Bereits 1916 kommt Gustav von Wangenheim erstmals mit dem Film in Kontakt. Er debütiert in PASSIONELS TAGEBUCH (1916) unter der Regie von Louis Ralph vor der Kamera. Danach ist er in Filmen von Rudolf Biebrach, Otto Rippert sowie Lupu Pick zu sehen, spielt in einigen der wichtigsten deutschen Filmklassiker mit. Zweimal arbeitet er mit Regisseur Ernst Lubitsch zusammen, spielt in dessen erfolgreicher Komödie KOHLHIESELS TÖCHTER (1920) den gewitzten Paul Seppl, der die 'richtige' Liesl für sich erobern kann. In NOSFERATU (1922) von Friedrich Wilhelm Murnau verkörpert er den jungen Hutter, einen frisch verheirateten Angestellten einer Maklerfirma, der nach Rumänien reist und sich dort mit einem Vampir auseinandersetzen muss. In dem expressionistischen Meisterwerk SCHATTEN (1923) von Arthur Robison gibt er den Liebhaber der Ehefrau. Unterbrochen wird seine Filmarbeit immer wieder durch Arbeiten am Theater, Gustav von Wangenheim steht am Hoftheater Darmstadt, am Deutschen Schauspielhaus in Hamburg und wiederholt am Deutschen Theater Berlin auf der Bühne. Erst Ende der 20er Jahre steht er unter der Regie von Fritz Lang wieder vor der Kamera, gibt den Flugzeug-Ingenieur Hans Windegger in dem Science-Fiction DIE FRAU IM MOND (1929).

Nach der Machtergreifung der Nationalsozialisten im Januar 1933 verlässt der Künstler Deutschland, emigriert zunächst nach Paris, geht später nach Moskau. Hier leitet er bis 1935 das "Deutsche Theater Kolonne Links". Gemeinsam mit anderen deutschen Emigranten - Lotte Loebinger, Gregor Gog, Fritz Erpenbeck, Hedda Zinner, Heinrich Vogeler und dem jungen Konrad Wolf - dreht er nach einer Idee von Alfred Kurella den Film KÄMPFER (1936), die Geschichte des lange Zeit politisch passiven Arbeiters Fritz Lemke, der sich nach dem spektakulären Prozess gegen Georgi Dimitroff in Leipzig dem kommunistischen Widerstand gegen die Nationalsozialisten anschließt. Kurz nach der Uraufführung des Films verschwinden die ersten Beteiligten in den Stalinschen Lagern.

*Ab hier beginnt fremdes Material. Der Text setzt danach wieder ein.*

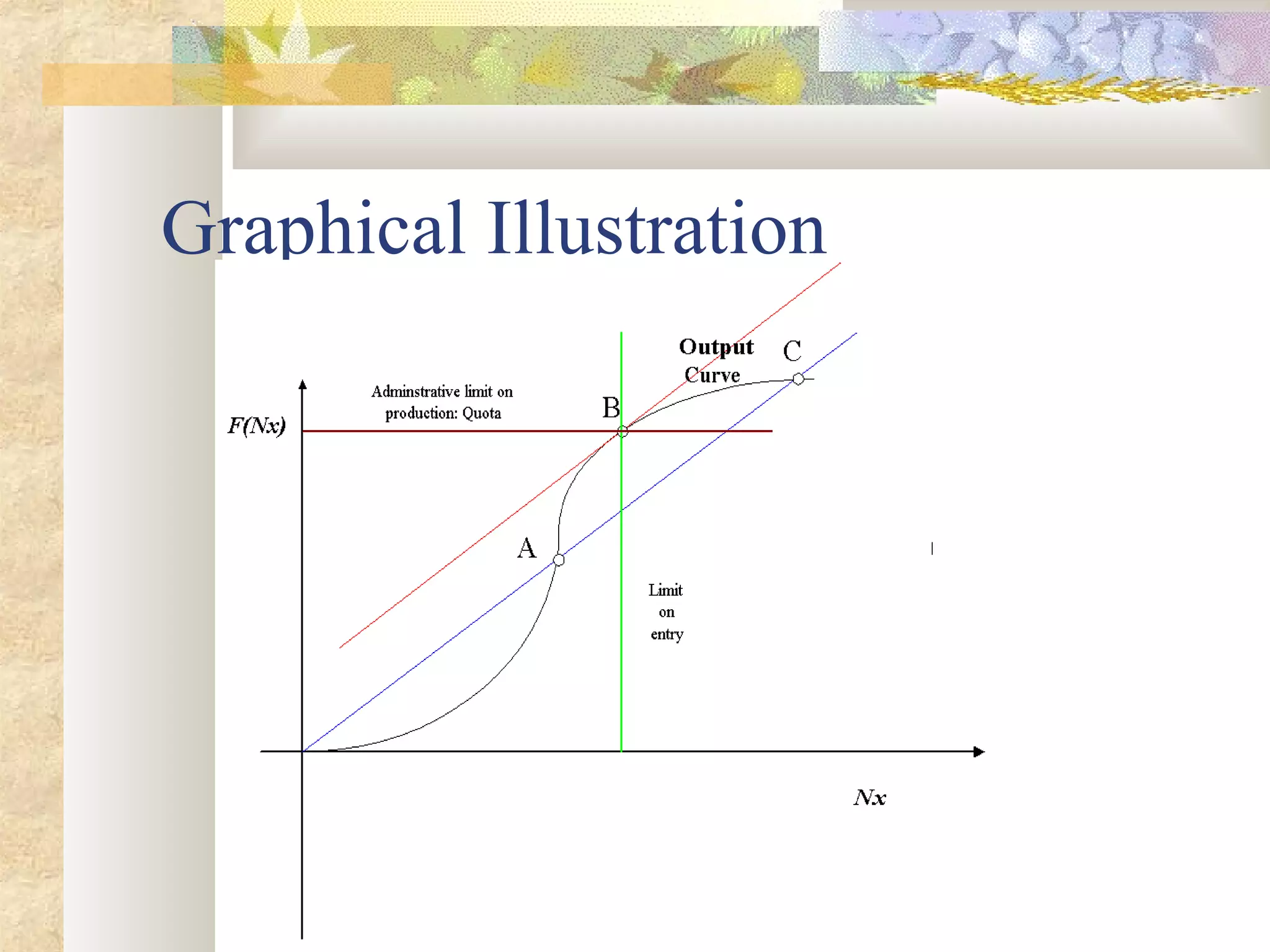 Graphical Illustration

Die "Säuberungen" hatten begonnen, in deren Folge auch Gustav von Wangenheim in die Mühlen des sowjetischen Geheimdienstes gerät. Einige Tage verbringt er im Gefängnis des Volkskommissariats für innere Angelegenheiten, passt sich danach dem stalinistischen Regime weitgehend an. 1940 nimmt Gustav von Wangenheim die sowjetische Staatsbürgerschaft an. Bis 1945 ist er schriftstellerisch tätig, lebt mit seiner Familie zeitweise in Kasan, Chistopol und Taschkent. Als Mitglied des Nationalkomitees Freies Deutschland verfasst er Texte für das Radio Freies Deutschland und spricht deutsche Sendungen des Senders Radio Moskau.

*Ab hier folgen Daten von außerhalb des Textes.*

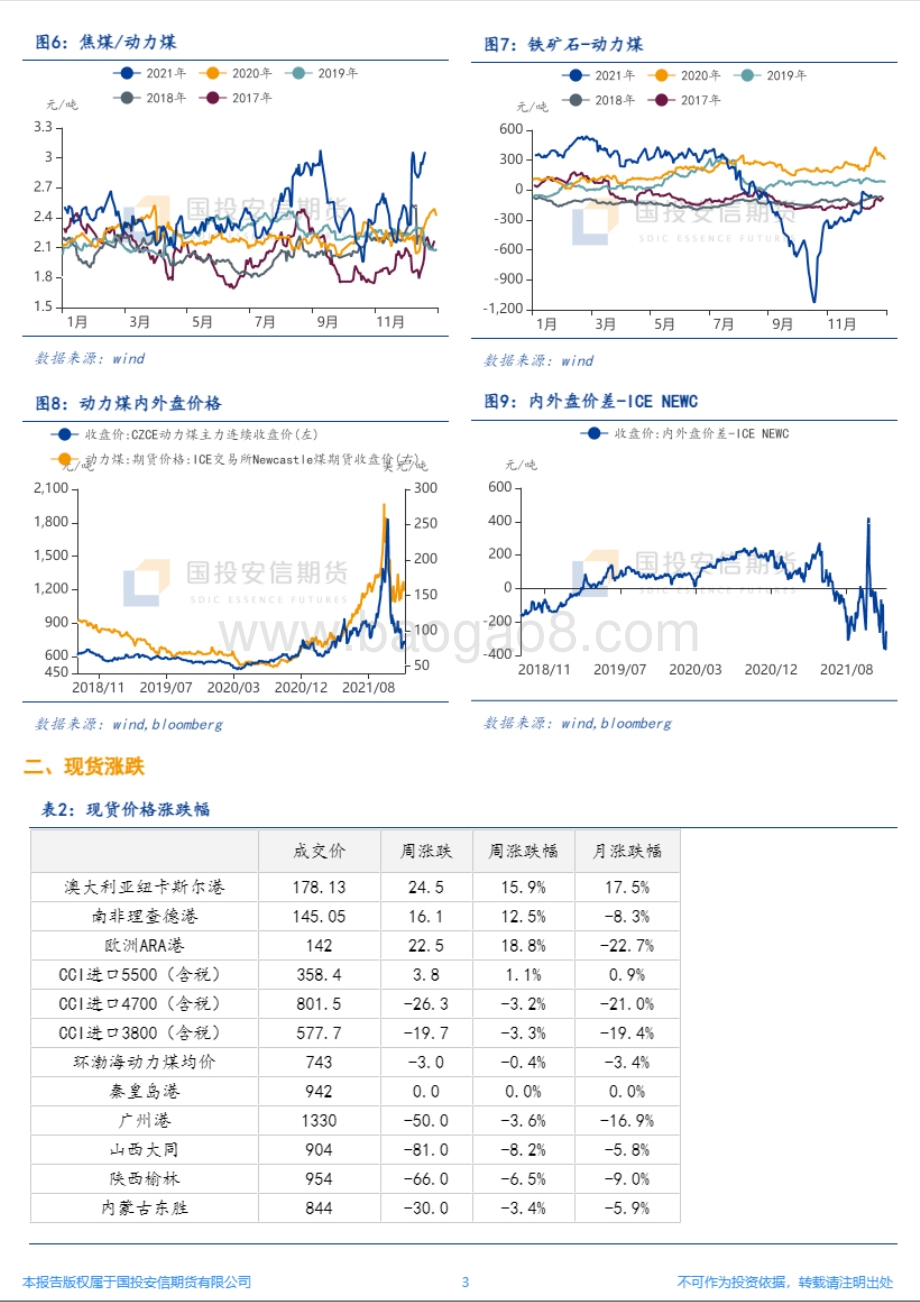 20211220-国投安信期货-现货市场弱势难改_动媒期货再次承压_9页_4mb.pdf_第3页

Im Sommer 1945 kehrt Gustav Wangenheim nach Deutschland in die sowjetisch besetzte Zone zurück. Als Mitglied der Sozialistischen Einheitspartei Deutschlands (SED) leitet er für kurze Zeit das Theater am Schiffbauerdamm, später das Deutsche Theater. Hier arbeitet er als Regisseur, inszeniert Klassiker wie "Hamlet" von William Shakespeare und moderne Stücke wie "Stürmischer Lebensabend" von Leonid Rachmanow. An Mitte der 50er Jahre arbeitet er als Regisseur und Schauspieler am Theater in Altenburg, tritt zudem als Gast an der Volksbühne in Berlin auf. 1970 wird Gustav von Wangenheim Mitglied der Sektion Darstellende Künste der Akademie der Künste.

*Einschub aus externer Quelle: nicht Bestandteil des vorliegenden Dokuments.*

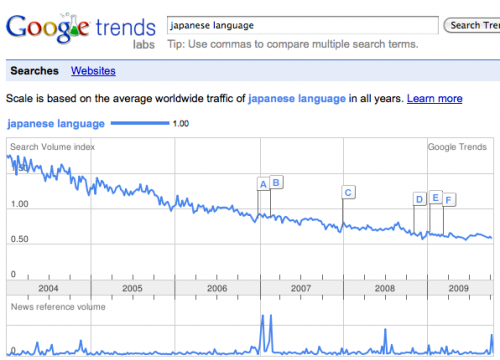 Graph displaying the search trend for Japanese Language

Die DEFA arbeitet seit 1948 mit dem Künstler als Regisseur und Drehbuchautor zusammen. Unter seiner Regie entsteht der historische Film UND WIEDER 48 (1948), einer der wenigen deutschen Spielfilme, die sich mit der Märzrevolution von 1848 auseinandersetzen. Hier nimmt eine Gruppe von Studenten als Statisten an einem Film über die Revolution 1848 teil; sie reflektieren über die Zeit vor 100 Jahren und mahnen den Regisseur im Film zur Wahrheit. Gustav von Wangenheim konzentriert sich auf die Geschichte des Studenten und Barrikadenkämpfers Gustav Adolf Schlöffel und verbindet die Zeiten 1848 / 1948 miteinander, um eine "unvollendete" Revolution abzuschließen. Der Film wird mit großem Aufwand produziert, unter anderem wurde das Innere der Frankfurter Paulskirche im Atelier nachgebaut. An den Kinokassen hat das Werk allerdings keinen Erfolg.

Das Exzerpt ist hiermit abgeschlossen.